Agreeing and sharing a clear ambition at project level is the cornerstone of a good relationship, enabling cross disciplinary teams to discuss issues in a common context and reduce the potential for confusion or conflict over what the teams expect to achieve. At an organisational level, a clear mission statement forms the basis of a cohesive culture, which positively feeds back into project teams.
It is vital that teams communicate early and often, starting with scheduled workshops. After that, emails and digital communication are useful ways to communicate but nothing compares to face-to-face collaboration. Written and verbal communication is rarely enough when design teams translate an idea for engineers; you need hand models, sketches, CAD or prototypes that are immeasurably more illustrative than just an email.
Involving engineering early in the design process enables issues to be identified and resolved more quickly. Both parties will gain a much fuller understanding of complexities by allowing engineers to work in CAD at the concept and exploratory phases and iterate in conjunction with designers. This early collaboration transforms the hand-off period into a fluid, naturally evolving process of development and refinement. It allows the designer to focus specifically on design itself rather than the implementation of the design in CAD, allowing them to work more freely, knowing that there is some degree of oversight on their work.
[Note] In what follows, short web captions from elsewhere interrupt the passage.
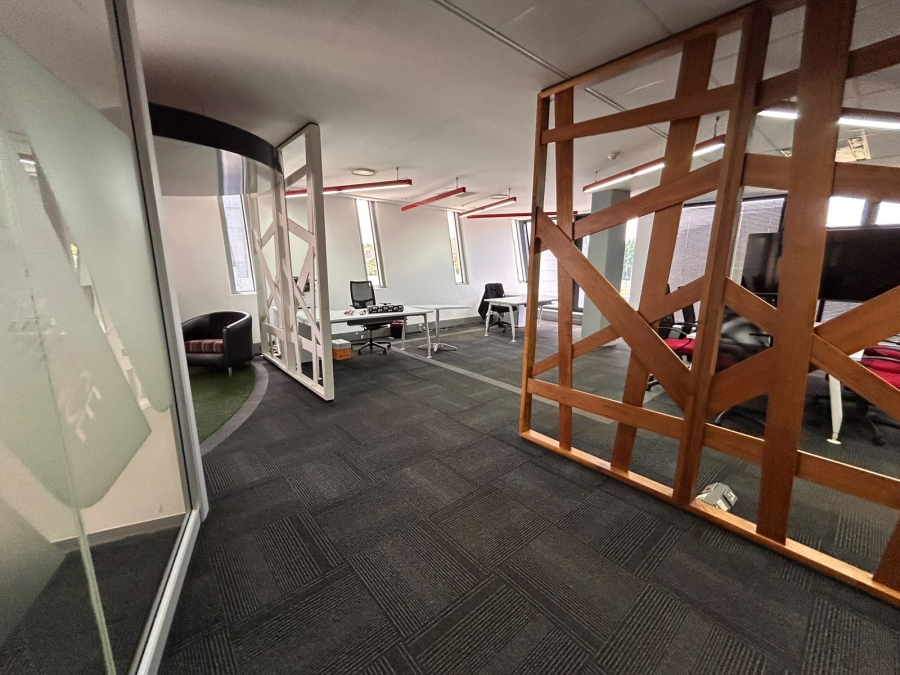 To Let Commercial Property for Rent in Highveld Gauteng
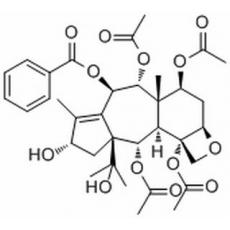 云南红豆杉酯甲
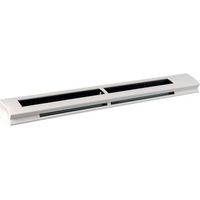 ALDES EHB² 6-45 kit de entrada con control de humedad - Blanco - 11014238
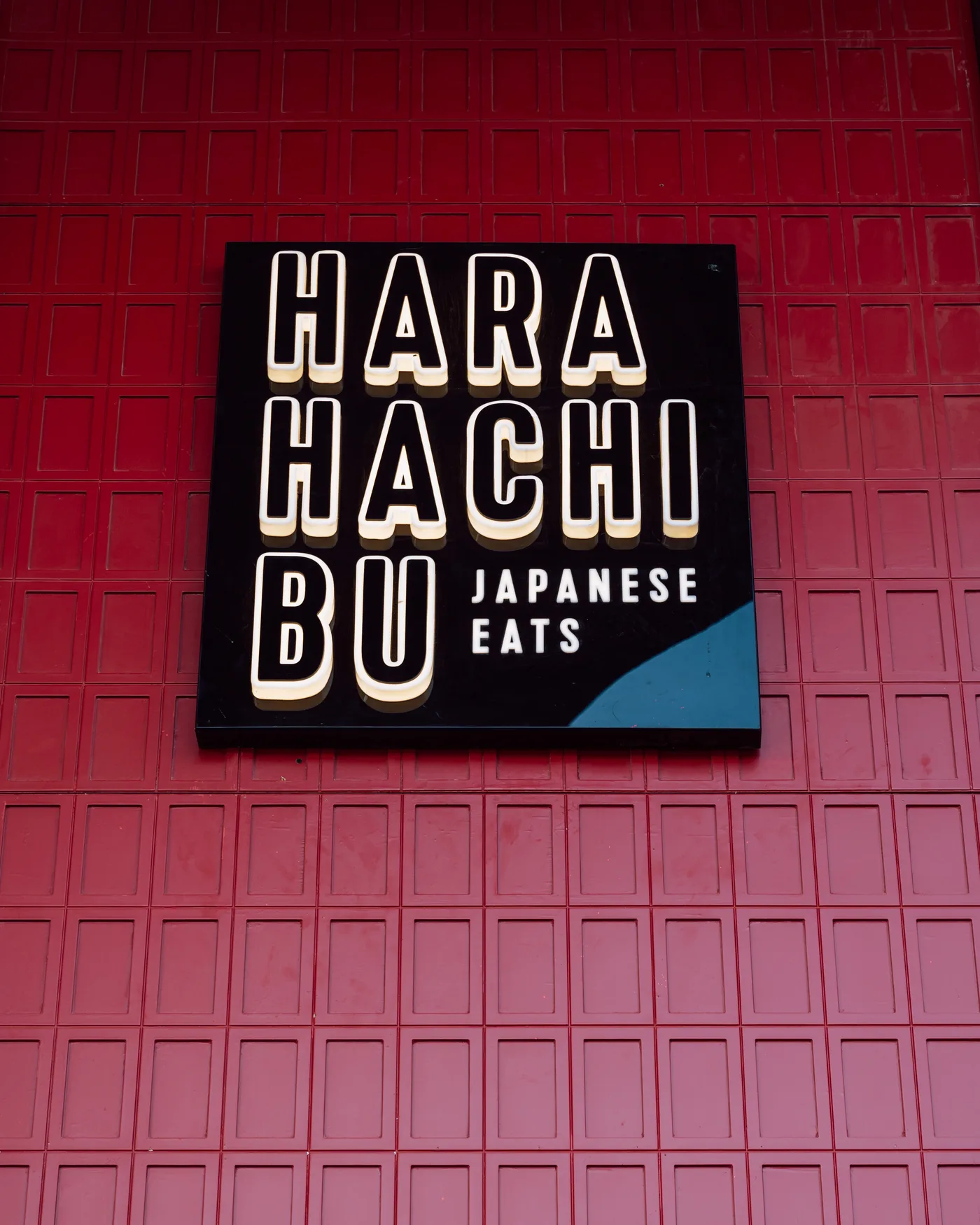 Hara Hachi Bu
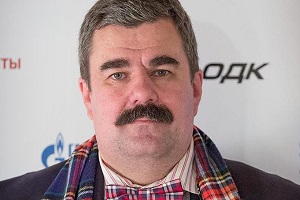 Алексей Леонков – военный эксперт и редактор издания «Арсенал Отечества»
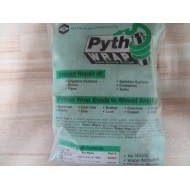 Python Wrap 30242 Leak Repair Kit For Pipes Up To 1-12" to 4"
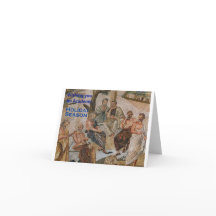 Versão de Execução: Cartão de Férias da Academia d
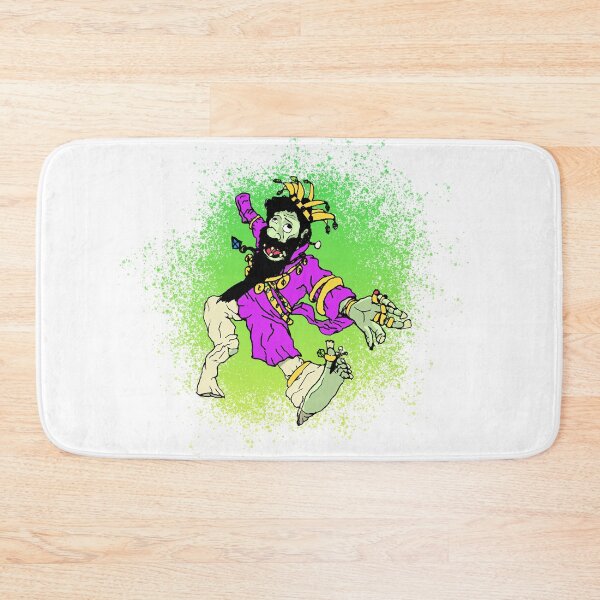 Item preview, The Deranged King: A Fantasy Character designed and sold by McNerdic.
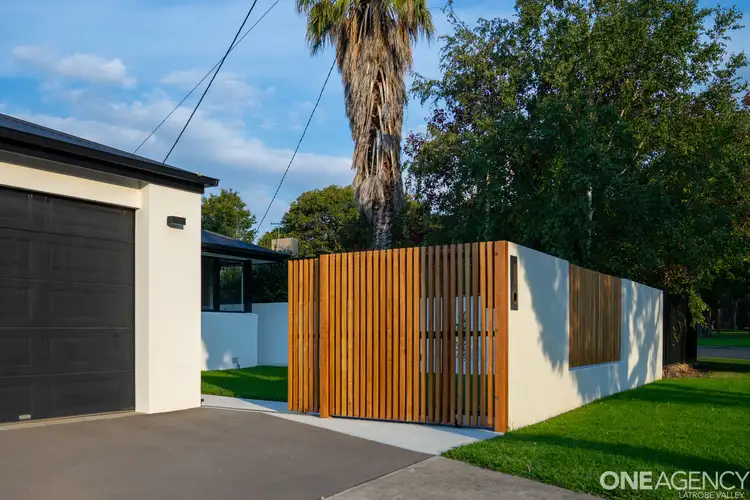 20 George Street, Traralgon VIC 3844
Sharing a work area encourages natural and fluid interactions that can’t be matched by scheduled meetings or online interactions. Sure, you could organise weekly/bi-weekly or daily meetings but it is hard to the replace the value of spontaneous micro-meetings that happen when disciplines live together. Some of our most innovative ideas come from impromptu “collisions” between engineers and designers rather than organised meetings. It is also much easier to spread and embed a company culture across disciplines when teams interact naturally on a daily basis.
Engineering cannot rely on traditional techniques or practices to solve novel problems that arise from a creative design team that’s driving product development. They have to be far more adaptable and innovative and take cues from the design process. They should use exploratory and iterative techniques to progress a project, in much the same way that designers do. Combine this approach with traditional analytical engineering and you will develop a creative and user-focused team that can interface more easily with design professionals.
While engineers and designers are fundamentally different – and this difference is important to the development process – don’t underestimate the engineering capabilities of designers or the valuable insights engineers can bring to a design discussion. By leveraging individual capabilities regardless of background, you tighten relationships between teams. More importantly, you gain valuable team members that bring different perspectives to the project.
Integration of design and engineering is a way of life at Design Partners. All of the above have been instrumental in forging the culture of the company. Our engineering teams iterate and explore like designers; our designers appreciate the importance of analytical engineering. The result is a much more creative and user-focused team that works together to deliver quality products, on time and in budget.